VAT on converting commercial premises to residential use
If you are converting a commercial property into residential use, there are a number of VAT issues to consider. It is essential to get the treatment right at the outset in order to avoid any nasty surprises and minimise the costs associated with the project.
Carolyn Van Hecke, Senior VAT Manager in our Property and Construction team explains the basics and urges you to get in touch if you are planning to convert a property into residential use so we can help you to structure the project in the most tax-efficient way.
What are the rules?
Generally, when work is carried out to an existing building, VAT is chargeable at the standard rate of 20%. However, a reduced rate of 5% can be applied in certain circumstances. One of these circumstances is where there is a conversion of a commercial building into a residential dwelling.

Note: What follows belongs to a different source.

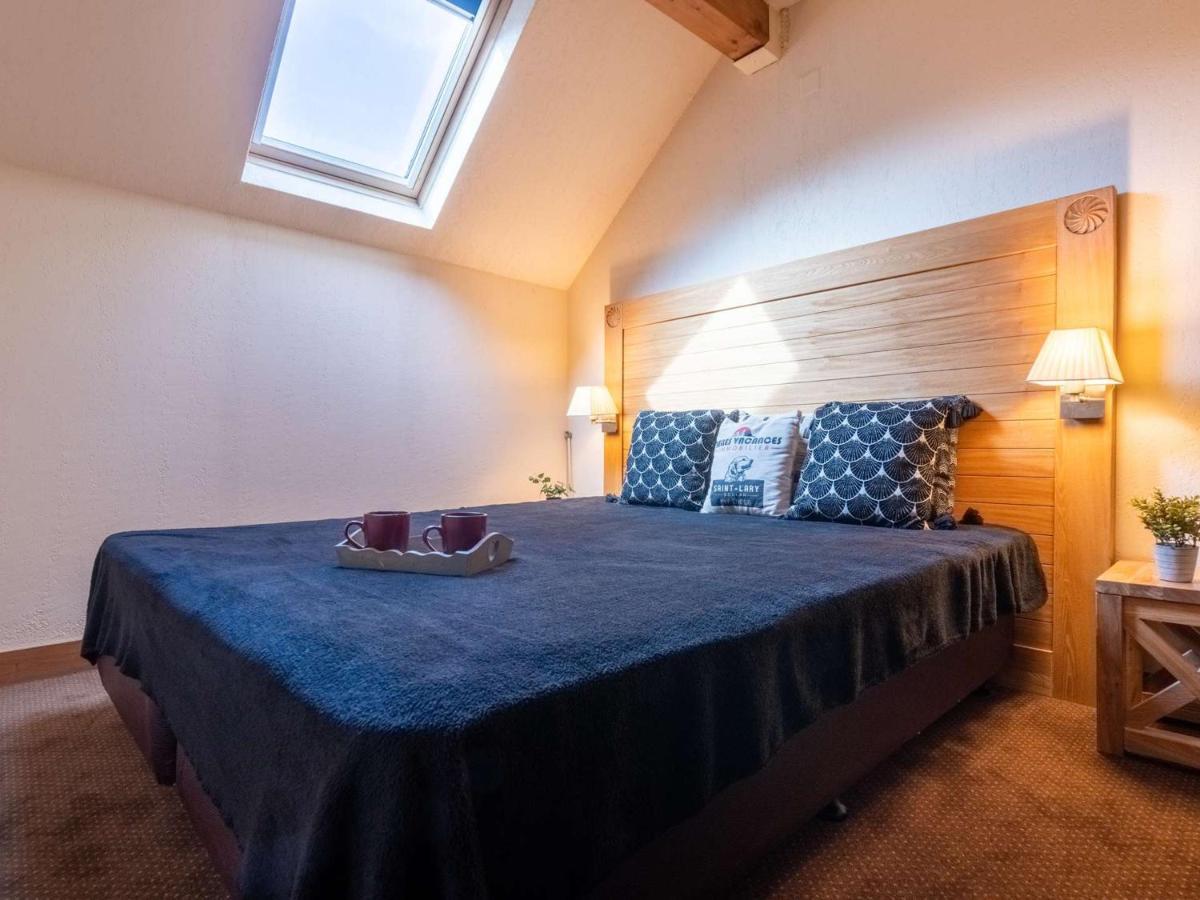 Appartement Duplex Centre Saint-Lary Avec Piscine, Sauna Et Parking - Fr-1-296-395 Exteriér fotografie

So, as a very simple example, if you are converting a non-residential building such as a warehouse into dwellings at a cost of £500k, failing to use the reduced rate could cost you an additional £75k.
When does the reduced rate apply?
The reduced rate can also be applied in other circumstances. It applies to:
- Conversion of a non-residential building into dwellings
- Conversions involving a change in the number of dwellings within the building, for example, the conversion of a house which creates additional dwellings or the conversion of multiple occupancy dwellings into one house
- The renovation of residential property which has been unoccupied for more than 2 years
The main condition for the reduced rate to apply, is that there mustn’t be any planning restrictions on the building which would prevent the property from being sold or used separately from any other land or building. An example of this restriction could be a barn which could only be sold or used along with the associated farmhouse.
What does the reduced rate cover?
It covers costs relating to work to the fabric of the buildings including walls, roofs, floors, stairs, windows, doors, wiring and plumbing, the provision of facilities such as water, power, heat and drainage and the installation of fitted kitchen units, sanitary-ware, central heating and light fittings.
Also, if the builder undertakes the work and purchases materials on the owner’s behalf, they should charge VAT at 5% on both materials and labour. If the builder incorrectly charges VAT at the standard rather than the reduced rate, HMRC won’t refund the excess. It would be for the owner to recover the money back from the builders, so it’s important to get it right at the outset.
What does the reduced rate not cover?
Costs for services such as architects and quantity surveyors, the installation of goods which are not building materials – for example, carpets or fitted bathroom furniture and costs relating to the hire of goods or scaffolding are not eligible for lower rating and chargeable to VAT at the standard rate.
Get it right at the outset
If you are planning to convert property into alternative use, it’s imperative that the tax treatment is considered upfront so that you don’t pay too much VAT. Whilst it is usually possible to correct errors retrospectively, suppliers may be unwilling to refund VAT incorrectly charged or might no longer be in business meaning that any VAT overpaid is lost forever.
The information was correct at time of publishing but may now be out of date.